Set up a prometheus by a prometheus operator in a kubernetes cluster

This document is written by following this document.

Install a prometheus operator

First, create CRDs and resources in the default namespace.

set LATEST (curl -s https://api.github.com/repos/prometheus-operator/prometheus-operator/releases/latest | jq -cr .tag_name)
curl -sLO https://github.com/prometheus-operator/prometheus-operator/releases/download/$LATEST/bundle.yaml
kubectl apply -f bundle.yaml

Note that I failed to create a prometheus resource because the CRD definition was too big like next.

The CustomResourceDefinition "prometheuses.monitoring.coreos.com" is invalid: metadata.annotations: Too long: must have at most 262144 bytes

Hence, I created the resource by the next command.

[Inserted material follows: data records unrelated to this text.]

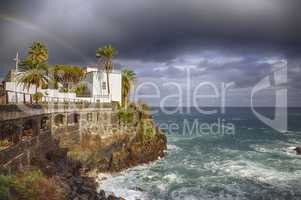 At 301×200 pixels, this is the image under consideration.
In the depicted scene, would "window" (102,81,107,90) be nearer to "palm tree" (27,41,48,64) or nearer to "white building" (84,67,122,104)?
"white building" (84,67,122,104)

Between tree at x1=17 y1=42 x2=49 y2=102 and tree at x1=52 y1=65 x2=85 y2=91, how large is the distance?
20634mm

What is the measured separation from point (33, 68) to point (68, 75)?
87.5 feet

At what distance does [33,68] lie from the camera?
37.7 m

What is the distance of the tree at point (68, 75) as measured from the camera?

kubectl apply --server-side=true -f https://raw.githubusercontent.com/prometheus-operator/kube-prometheus/main/manifests/setup/0prometheusCustomResourceDefinition.yaml

Create a Prometheus resource

Create a prometheus server with exposing its admin API

apiVersion: monitoring.coreos.com/v1
kind: Prometheus
metadata:
  name: prometheus
spec:
  serviceAccountName: prometheus
  podMonitorSelector:
    matchLabels:
      team: frontend
  resources:
    requests:
      memory: 400Mi
  enableAdminAPI: true
apiVersion: v1
kind: ServiceAccount
metadata:
  name: prometheus
apiVersion: rbac.authorization.k8s.io/v1
kind: ClusterRole
metadata:
  name: prometheus
rules:
- apiGroups: [""]
  resources:
  - nodes
  - nodes/metrics
  - services
  - endpoints
  - pods
  verbs: ["get", "list", "watch"]
- apiGroups: [""]
  resources:
  - configmaps
  verbs: ["get"]
- apiGroups:
  - networking.k8s.io
  resources:
  - ingresses
  verbs: ["get", "list", "watch"]
- nonResourceURLs: ["/metrics"]
  verbs: ["get"]
apiVersion: rbac.authorization.k8s.io/v1
kind: ClusterRoleBinding
metadata:
  name: prometheus
roleRef:
  apiGroup: rbac.authorization.k8s.io
  kind: ClusterRole
  name: prometheus
subjects:
- kind: ServiceAccount
  name: prometheus
  namespace: default

An application monitor

On an application to be monitored, create a ServiceMonitor CRD. For example, if there is the next example app,

apiVersion: apps/v1
kind: Deployment
metadata:
  name: example-app
spec:
  replicas: 3
  selector:
    matchLabels:
      app: example-app
  template:
    metadata:
      labels:
        app: example-app
    spec:
      containers:
      - name: example-app
        image: fabxc/instrumented_app
        ports:
        - name: web
          containerPort: 8080
---
kind: Service
apiVersion: v1
metadata:
  name: example-app
  labels:
    app: example-app
spec:
  selector:
    app: example-app
  ports:
  - name: web
    port: 8080

Then deploy the ServiceMonitor like next

apiVersion: monitoring.coreos.com/v1
kind: ServiceMonitor
metadata:
  name: example-app
  labels:
    team: frontend
spec:
  selector:
    matchLabels:
      app: example-app
  endpoints:
  - port: web

Confirm if this configuration works. At first, confirm what kind of metrics are output by example-app.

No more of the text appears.